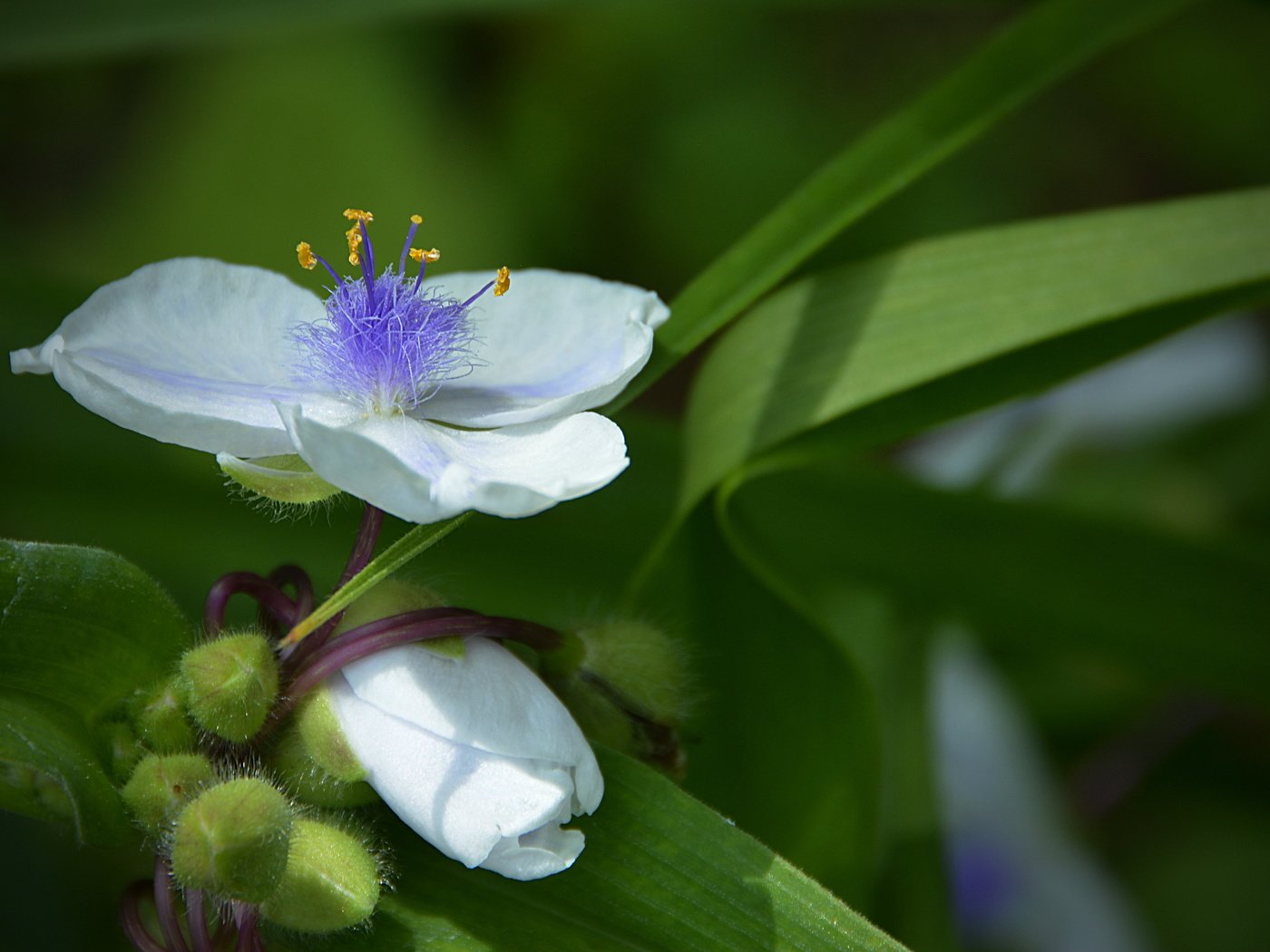 Обои цветы, макро, белые, белая,  цветы, flowers, macro, white разрешение 5043x2996 Загрузить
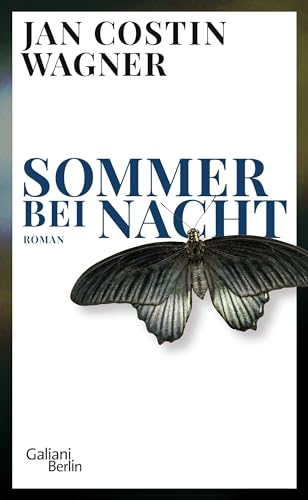 Sommer bei Nacht - Wagner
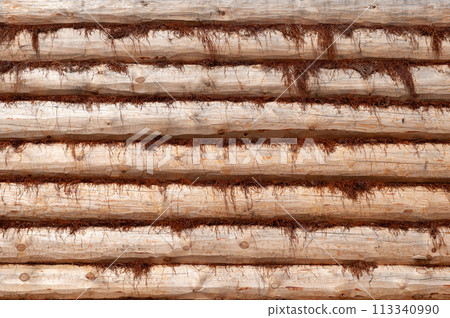 New log wall with brown moss New log wall with brown moss 113340990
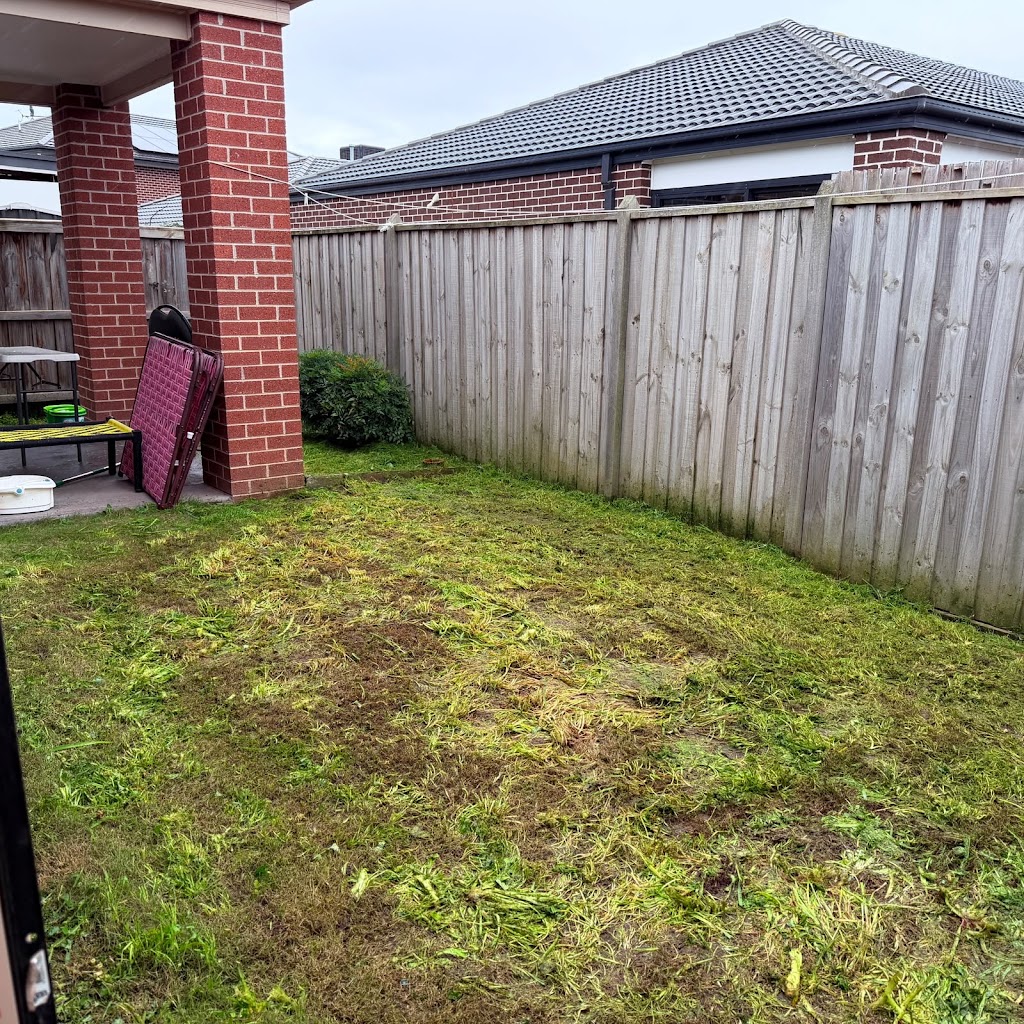 Tidy Up Cleaning VIC | 36 Silver Gum Dr, Pakenham VIC 3810, Australia | Phone: 0420 741 582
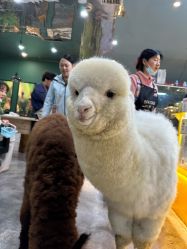-神奇动物撸宠馆·羊驼·小浣熊·异宠(豫园店)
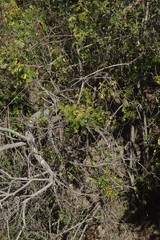 Hippobromus pauciflorus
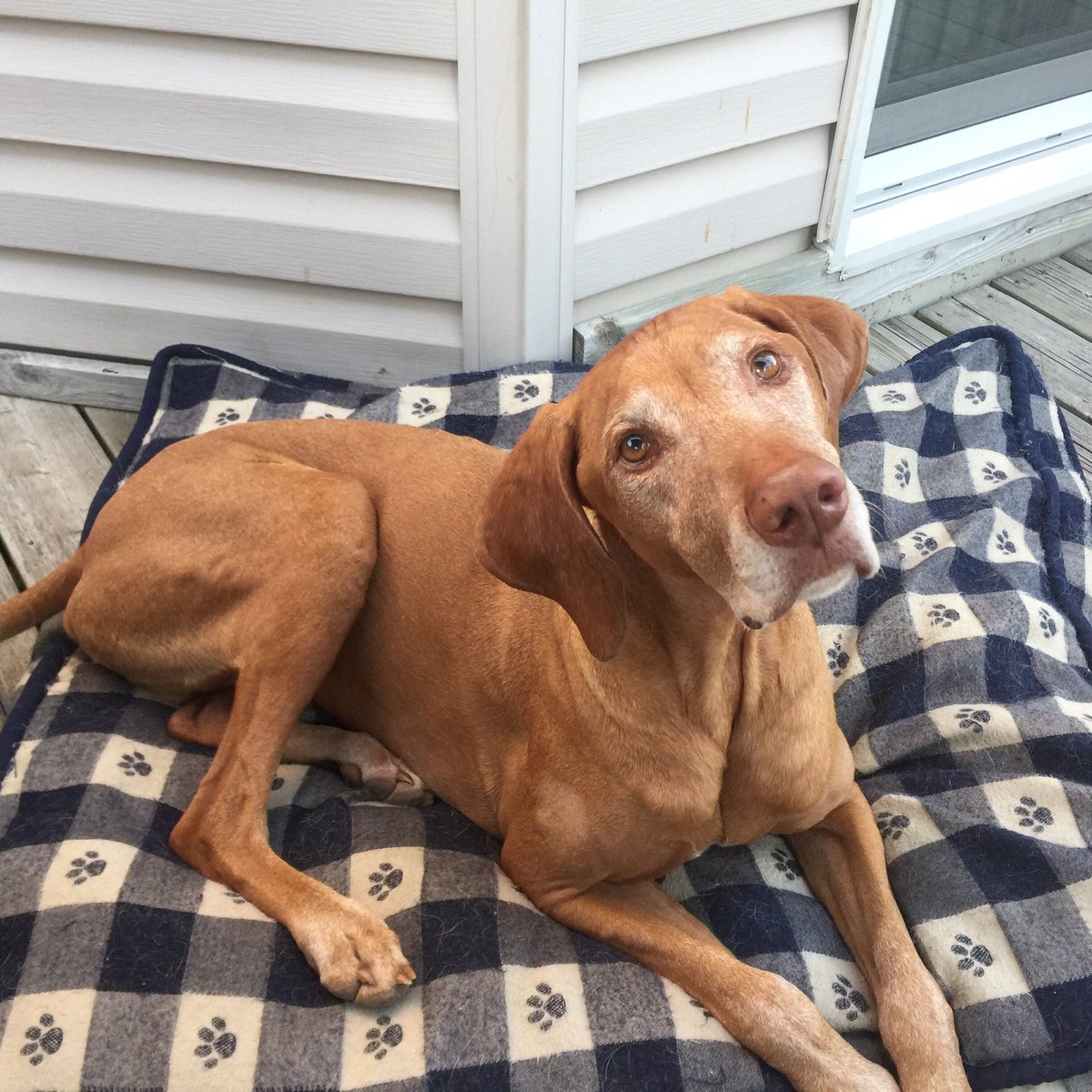 Staak67's tweet photo. #dogdaysofsummer - I am on holidays!! https://t.co/RVFVENq6dH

◆ **Description of the task**: Everything in the records above should be printed exactly, apart from the pictures.

◆ **Result**:
 Обои цветы, макро, белые, белая,  цветы, flowers, macro, white разрешение 5043x2996 Загрузить
 Sommer bei Nacht - Wagner
 New log wall with brown moss New log wall with brown moss 113340990
 Tidy Up Cleaning VIC | 36 Silver Gum Dr, Pakenham VIC 3810, Australia | Phone: 0420 741 582
-神奇动物撸宠馆·羊驼·小浣熊·异宠(豫园店)
 Hippobromus pauciflorus
 Staak67's tweet photo. #dogdaysofsummer - I am on holidays!! https://t.co/RVFVENq6dH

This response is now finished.